#### [Problem details]
Output only the lines below from the one containing "Catch #CEBL hoops" to the one containing "14k Yellow Gold", exactly as written, both ends kept.

═══ Task data

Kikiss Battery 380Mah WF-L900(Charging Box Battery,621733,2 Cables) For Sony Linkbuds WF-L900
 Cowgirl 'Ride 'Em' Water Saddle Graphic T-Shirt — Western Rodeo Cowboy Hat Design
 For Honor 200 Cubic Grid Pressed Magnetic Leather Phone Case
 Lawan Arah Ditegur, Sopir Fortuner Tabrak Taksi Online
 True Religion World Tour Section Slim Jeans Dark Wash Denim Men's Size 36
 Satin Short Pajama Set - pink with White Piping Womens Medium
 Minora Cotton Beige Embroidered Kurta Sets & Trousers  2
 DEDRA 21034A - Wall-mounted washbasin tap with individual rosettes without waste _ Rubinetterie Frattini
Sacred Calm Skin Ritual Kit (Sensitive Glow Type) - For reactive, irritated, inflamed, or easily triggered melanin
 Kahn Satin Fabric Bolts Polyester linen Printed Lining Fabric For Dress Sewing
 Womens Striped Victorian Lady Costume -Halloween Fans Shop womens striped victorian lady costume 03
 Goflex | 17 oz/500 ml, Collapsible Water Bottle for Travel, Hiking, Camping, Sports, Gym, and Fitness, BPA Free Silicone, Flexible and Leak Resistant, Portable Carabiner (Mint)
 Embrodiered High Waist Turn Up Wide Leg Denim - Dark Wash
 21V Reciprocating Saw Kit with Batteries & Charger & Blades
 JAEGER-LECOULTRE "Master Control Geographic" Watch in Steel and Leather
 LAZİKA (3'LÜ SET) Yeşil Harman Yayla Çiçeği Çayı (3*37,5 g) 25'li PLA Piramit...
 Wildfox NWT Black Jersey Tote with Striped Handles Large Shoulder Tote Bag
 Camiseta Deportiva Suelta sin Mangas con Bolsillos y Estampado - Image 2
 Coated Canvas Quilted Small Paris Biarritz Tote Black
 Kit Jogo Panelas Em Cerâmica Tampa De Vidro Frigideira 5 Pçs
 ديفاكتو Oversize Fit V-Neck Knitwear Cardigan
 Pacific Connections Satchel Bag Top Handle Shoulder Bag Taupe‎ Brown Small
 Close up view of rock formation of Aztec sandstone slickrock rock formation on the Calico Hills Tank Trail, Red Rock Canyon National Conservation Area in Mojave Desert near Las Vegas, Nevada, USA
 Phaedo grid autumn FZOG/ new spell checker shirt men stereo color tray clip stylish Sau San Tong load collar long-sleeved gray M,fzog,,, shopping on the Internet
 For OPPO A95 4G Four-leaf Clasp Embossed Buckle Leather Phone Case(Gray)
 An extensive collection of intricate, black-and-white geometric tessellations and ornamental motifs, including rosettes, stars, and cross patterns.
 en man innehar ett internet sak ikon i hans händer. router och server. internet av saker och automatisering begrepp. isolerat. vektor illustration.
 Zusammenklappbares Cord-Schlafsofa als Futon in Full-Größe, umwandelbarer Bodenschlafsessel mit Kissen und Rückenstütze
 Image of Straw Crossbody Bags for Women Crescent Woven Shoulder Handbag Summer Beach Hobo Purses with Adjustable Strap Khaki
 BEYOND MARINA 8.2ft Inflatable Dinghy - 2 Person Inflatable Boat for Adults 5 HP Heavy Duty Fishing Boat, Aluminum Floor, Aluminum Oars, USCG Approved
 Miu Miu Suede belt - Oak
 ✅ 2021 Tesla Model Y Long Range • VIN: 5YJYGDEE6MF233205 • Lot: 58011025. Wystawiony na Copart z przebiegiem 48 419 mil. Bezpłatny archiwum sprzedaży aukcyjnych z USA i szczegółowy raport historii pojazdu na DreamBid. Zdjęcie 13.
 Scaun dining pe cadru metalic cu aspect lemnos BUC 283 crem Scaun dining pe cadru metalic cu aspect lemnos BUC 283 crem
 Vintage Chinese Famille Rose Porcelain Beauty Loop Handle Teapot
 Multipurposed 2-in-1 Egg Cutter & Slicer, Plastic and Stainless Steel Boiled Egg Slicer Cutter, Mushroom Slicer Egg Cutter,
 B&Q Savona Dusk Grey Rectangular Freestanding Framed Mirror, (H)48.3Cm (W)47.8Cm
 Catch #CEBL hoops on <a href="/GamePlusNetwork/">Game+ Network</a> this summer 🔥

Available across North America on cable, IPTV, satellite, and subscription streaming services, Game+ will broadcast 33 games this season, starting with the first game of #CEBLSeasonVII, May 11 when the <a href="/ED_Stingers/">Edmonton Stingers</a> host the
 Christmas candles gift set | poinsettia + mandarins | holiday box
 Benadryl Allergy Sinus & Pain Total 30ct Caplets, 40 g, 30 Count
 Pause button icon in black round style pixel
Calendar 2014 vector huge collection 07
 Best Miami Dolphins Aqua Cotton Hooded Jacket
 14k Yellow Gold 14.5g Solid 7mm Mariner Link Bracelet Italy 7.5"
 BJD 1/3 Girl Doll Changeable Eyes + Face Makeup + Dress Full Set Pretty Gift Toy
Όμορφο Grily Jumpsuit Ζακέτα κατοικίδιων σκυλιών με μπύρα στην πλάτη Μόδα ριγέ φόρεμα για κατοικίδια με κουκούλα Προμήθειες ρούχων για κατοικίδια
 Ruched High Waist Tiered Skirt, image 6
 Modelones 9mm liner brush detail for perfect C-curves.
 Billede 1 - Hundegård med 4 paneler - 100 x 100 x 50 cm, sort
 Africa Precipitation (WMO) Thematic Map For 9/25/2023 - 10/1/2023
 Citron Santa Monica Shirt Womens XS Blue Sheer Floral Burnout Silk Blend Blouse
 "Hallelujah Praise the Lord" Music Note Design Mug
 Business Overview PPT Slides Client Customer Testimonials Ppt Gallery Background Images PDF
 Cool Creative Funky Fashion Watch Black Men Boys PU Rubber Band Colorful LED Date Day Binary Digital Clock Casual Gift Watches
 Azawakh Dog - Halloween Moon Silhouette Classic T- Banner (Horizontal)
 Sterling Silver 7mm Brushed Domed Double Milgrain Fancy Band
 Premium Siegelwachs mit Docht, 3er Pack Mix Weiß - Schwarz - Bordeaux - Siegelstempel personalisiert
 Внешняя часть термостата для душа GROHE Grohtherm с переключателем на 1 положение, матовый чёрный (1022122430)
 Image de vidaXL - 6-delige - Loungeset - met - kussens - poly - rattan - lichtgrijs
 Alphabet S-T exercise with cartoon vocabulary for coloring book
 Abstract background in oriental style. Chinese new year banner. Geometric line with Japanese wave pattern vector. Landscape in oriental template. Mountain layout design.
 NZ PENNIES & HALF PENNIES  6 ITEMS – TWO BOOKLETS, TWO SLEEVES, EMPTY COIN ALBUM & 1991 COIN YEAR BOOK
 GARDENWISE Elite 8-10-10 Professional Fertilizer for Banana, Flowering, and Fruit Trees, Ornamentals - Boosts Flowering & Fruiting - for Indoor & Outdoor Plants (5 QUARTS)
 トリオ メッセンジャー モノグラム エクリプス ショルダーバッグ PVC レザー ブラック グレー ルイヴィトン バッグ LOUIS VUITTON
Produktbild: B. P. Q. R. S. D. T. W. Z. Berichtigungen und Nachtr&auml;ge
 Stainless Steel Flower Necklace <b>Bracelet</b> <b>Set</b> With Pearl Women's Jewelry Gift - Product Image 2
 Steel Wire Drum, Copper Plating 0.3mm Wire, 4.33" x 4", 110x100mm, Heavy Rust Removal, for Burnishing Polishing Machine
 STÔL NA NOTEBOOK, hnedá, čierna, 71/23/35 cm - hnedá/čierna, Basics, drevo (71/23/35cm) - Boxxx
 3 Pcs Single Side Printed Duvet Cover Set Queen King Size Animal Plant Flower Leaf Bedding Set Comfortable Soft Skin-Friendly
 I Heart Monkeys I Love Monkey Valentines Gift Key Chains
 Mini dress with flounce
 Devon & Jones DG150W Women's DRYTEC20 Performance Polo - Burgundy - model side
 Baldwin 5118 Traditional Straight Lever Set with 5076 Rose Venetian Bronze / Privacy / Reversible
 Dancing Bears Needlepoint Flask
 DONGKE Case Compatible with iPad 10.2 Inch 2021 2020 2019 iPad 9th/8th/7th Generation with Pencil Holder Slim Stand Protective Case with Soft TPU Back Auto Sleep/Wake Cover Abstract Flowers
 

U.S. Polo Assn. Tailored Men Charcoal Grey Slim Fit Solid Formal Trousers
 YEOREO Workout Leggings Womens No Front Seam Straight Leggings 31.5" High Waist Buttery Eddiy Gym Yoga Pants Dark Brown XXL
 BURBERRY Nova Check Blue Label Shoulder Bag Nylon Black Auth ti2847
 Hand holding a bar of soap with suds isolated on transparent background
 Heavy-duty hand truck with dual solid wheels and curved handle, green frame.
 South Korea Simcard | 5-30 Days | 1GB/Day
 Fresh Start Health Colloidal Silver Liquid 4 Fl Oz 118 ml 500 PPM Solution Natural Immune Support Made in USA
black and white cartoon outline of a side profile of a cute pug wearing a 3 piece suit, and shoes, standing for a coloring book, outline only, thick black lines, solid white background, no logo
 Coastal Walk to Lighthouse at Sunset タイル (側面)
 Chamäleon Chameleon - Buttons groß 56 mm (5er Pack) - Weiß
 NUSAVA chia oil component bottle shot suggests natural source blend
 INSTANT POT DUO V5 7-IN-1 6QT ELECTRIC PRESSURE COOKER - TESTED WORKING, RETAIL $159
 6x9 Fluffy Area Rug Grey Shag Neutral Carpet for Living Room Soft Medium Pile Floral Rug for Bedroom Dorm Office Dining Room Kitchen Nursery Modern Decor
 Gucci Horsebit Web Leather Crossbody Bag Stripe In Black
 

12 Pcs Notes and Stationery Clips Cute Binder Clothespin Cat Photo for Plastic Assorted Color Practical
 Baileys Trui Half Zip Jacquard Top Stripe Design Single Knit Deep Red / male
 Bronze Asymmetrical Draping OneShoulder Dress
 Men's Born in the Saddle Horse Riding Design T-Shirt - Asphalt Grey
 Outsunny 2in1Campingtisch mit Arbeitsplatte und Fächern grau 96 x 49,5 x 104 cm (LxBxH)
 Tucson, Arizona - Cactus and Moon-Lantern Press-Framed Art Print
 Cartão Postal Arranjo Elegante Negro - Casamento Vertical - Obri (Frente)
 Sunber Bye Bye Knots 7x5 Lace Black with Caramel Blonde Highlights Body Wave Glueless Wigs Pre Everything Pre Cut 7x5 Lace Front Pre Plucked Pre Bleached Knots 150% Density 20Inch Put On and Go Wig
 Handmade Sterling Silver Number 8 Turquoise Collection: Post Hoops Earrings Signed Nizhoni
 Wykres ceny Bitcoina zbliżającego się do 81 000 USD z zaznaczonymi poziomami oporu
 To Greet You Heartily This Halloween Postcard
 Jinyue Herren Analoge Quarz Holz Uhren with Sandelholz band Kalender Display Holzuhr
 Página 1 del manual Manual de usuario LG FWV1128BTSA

══════

#### [Answer to this task]
 Catch #CEBL hoops on <a href="/GamePlusNetwork/">Game+ Network</a> this summer 🔥

Available across North America on cable, IPTV, satellite, and subscription streaming services, Game+ will broadcast 33 games this season, starting with the first game of #CEBLSeasonVII, May 11 when the <a href="/ED_Stingers/">Edmonton Stingers</a> host the
 Christmas candles gift set | poinsettia + mandarins | holiday box
 Benadryl Allergy Sinus & Pain Total 30ct Caplets, 40 g, 30 Count
 Pause button icon in black round style pixel
Calendar 2014 vector huge collection 07
 Best Miami Dolphins Aqua Cotton Hooded Jacket
 14k Yellow Gold 14.5g Solid 7mm Mariner Link Bracelet Italy 7.5"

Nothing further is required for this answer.